[Captioned web images]

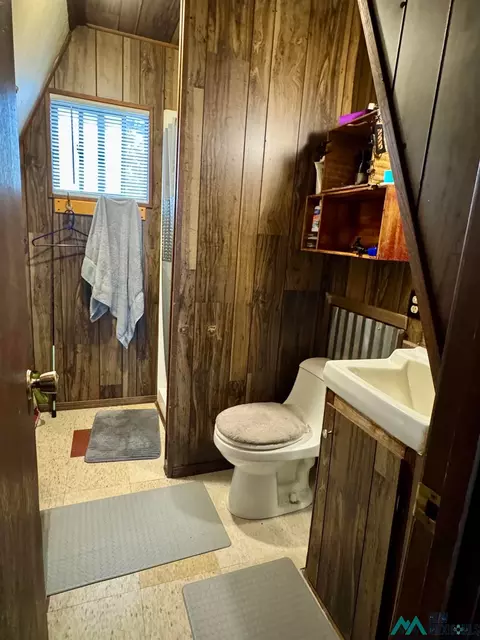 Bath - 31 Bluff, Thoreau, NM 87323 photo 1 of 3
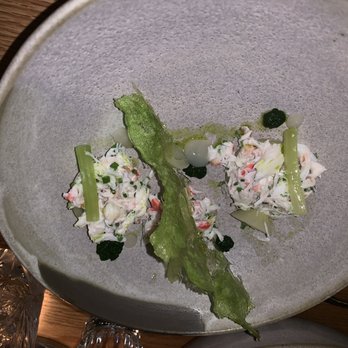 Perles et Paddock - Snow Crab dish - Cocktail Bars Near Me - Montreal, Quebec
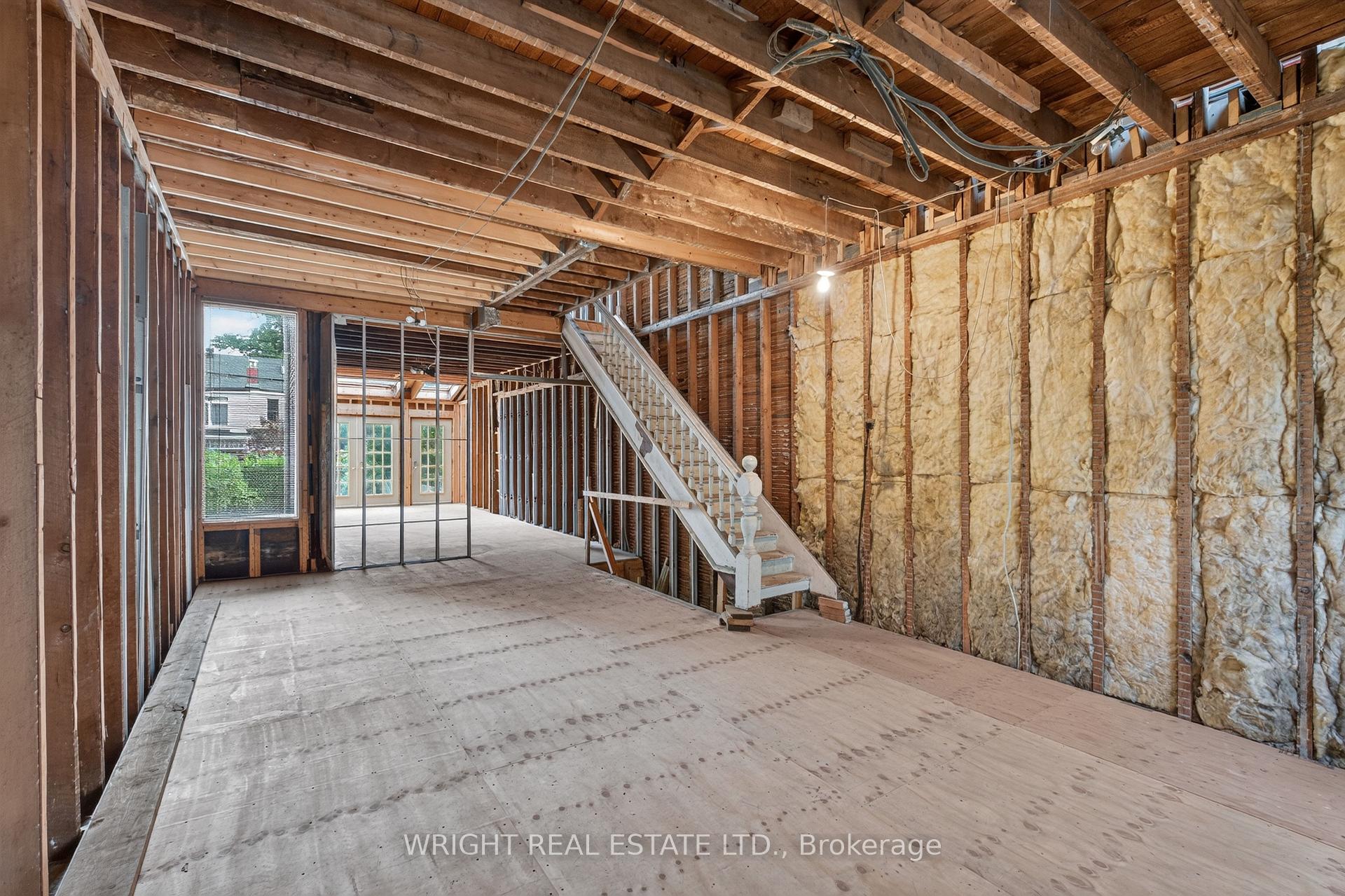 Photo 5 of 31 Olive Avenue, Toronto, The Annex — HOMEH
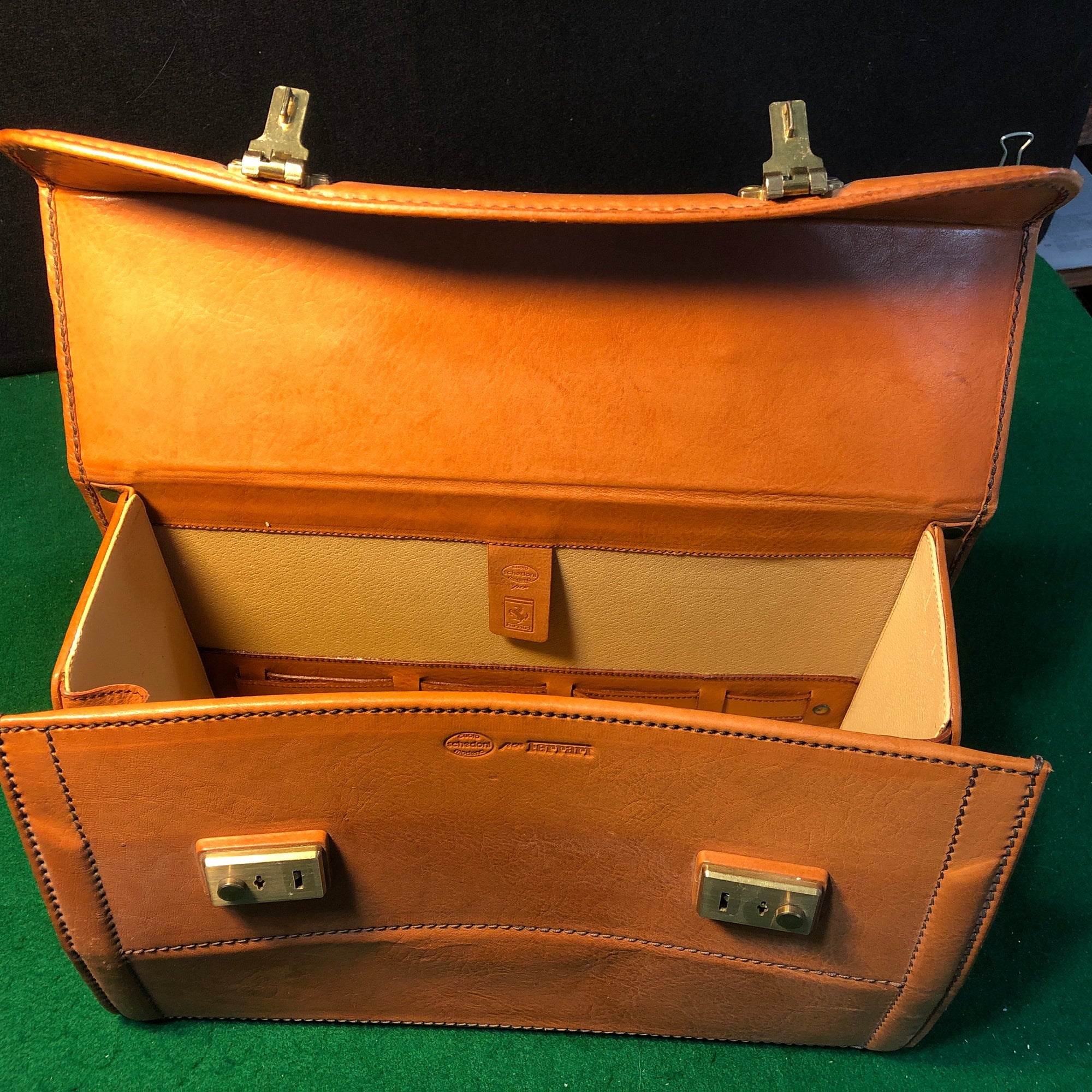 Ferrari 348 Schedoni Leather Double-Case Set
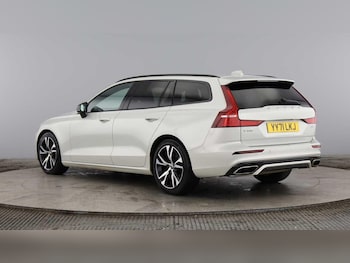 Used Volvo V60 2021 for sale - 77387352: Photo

# Exercise
In your answer, print the entries above exactly, with the pictures left out.

# Response to this task
 Bath - 31 Bluff, Thoreau, NM 87323 photo 1 of 3
 Perles et Paddock - Snow Crab dish - Cocktail Bars Near Me - Montreal, Quebec
 Photo 5 of 31 Olive Avenue, Toronto, The Annex — HOMEH
 Ferrari 348 Schedoni Leather Double-Case Set
 Used Volvo V60 2021 for sale - 77387352: Photo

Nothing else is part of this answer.